FYI: You're soaking in it. :-)
I think Steve played a little sleight of hand with us the other day when they announced the Back to the Mac business.
It just came to me when I took an Angry Birds break with my iPad. Why can't this run on the Mac? Answer: it can. (Or it soon can, maybe next month or the month after.)
Everyone was wondering what kind of software would be sold for the Macintosh version of the Apple Store. Marco even said there would be a new class of little software, you know -- like the stuff we buy for the iPad and iPhone.
Close, but not quite.
The software we will buy from the Mac version of the Apple Store will be the actual software that runs on the iPad and iPhone.
In other words, they're teaching the developers, privately, how to write iPad software for an iPad with a keyboard. In other words, the MacBook Air.

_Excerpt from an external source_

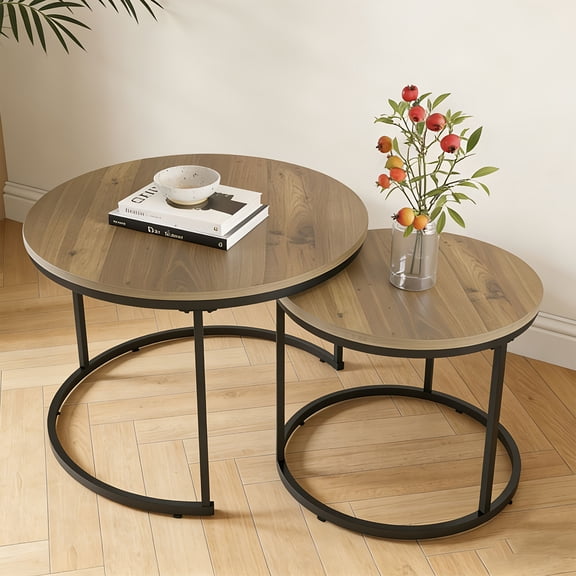 Nesting Coffee Table Set of 2, 27'' Round Coffee Table,Wood Marble Pattern Top with Metal Frame,End Table Side Tables for Living Room,Bedroom,Balcony,Yard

Why didn't I see this? One of my first wishes when I got my iPad was that this software would run on a Mac. I forgot that, and Uncle Steve said it the other way. The store is coming to the Mac. The store is coming to the Mac. That's the sleight of hand. What he really meant to say is that IOS software is coming to the Mac. Or maybe it's the IOS hardware I'm writing this on is running Mac software, kind of the way Carbon ran old lifeless legacy Mac apps. Which one is the "real" OS and which one is running in a compatibility box? I have a funny feeling that right now, as I type this on an AirBook, I'm using the compatibility box. Right? (I imagine some of my IOS developer friends reading this, wishing they could tell me, but for an NDA.)
Put it another way, who has the patience to play Mac games now that we've been playing iPad games?
All the other iPad apps.
PS: Everyone who said I was full of shit when I said the trackpad was the harbinger of IOS apps on Mac hardware -- I owe you all an I Told You So.
Two seminal pieces totally worth reading.
1. David at 37 Signals says Apple must use their new power more carefully. Been saying saying the same thing here. Not just in this loop but in previous ones. I urged Microsoft not to try to snuff out Netscape, to leave the web alone. My argument was that they'd get 60 percent of the growth no matter what, just selling more operating systems, word processors, etc. They needed the ideation process to run outside The Borg, because nothing creative comes out of the hive-mind. They can't hire the kind of people who build the stuff that makes a new layer of tech. Just kick back, I urged Bill, to no avail, and count your chips. Your pile is about to get much taller, and you don't have to do a thing. He completely went the other way, and hit two brick walls: 1. The reality of the hive. 2. The US government. My guess is that Steve Jobs didn't learn from Gates's mistakes, and now that it's his turn, he's going to fuck it up, probably in a much bigger Jobsian way. Because that's how he is.
2. Mike Arrington at TechCrunch is returning to his roots, and that's a great thing! Reflecting on his experience with TechCrunch, and obviously thinking about what's next for himself, he's asking the good questions. Who am I, what am I capable of, which direction should I head in next. I encourage him to take his time here, because he'll be living with the decisions he makes now for a long time. He's at a personal inflection point. And Mike is a powerful and super-smart guy. Expect something interesting from his corner of the world. Sent him an email of congratulations. Good work.
3. One more thing, today is Mitch Kapor's 60th birthday. In a tweet he says it's not 16. No doubt. I'm only 55, so how would I know, but I knew Mitch when he was not much more than 16. He's still the same guy he was then, only smarter and wiser. One of my best teachers when I was starting out, it was from Mitch that I learned the review process of software. That you have to take time out and put down the compiler and actually use the stuff you're creating, to solve the problem it was intended to solve. Without this reality check, done often and with thought and care, your chance of shipping something that works as a product are pretty slim. You'll miss the target every time. Seems so simple, but so often this is the step people miss.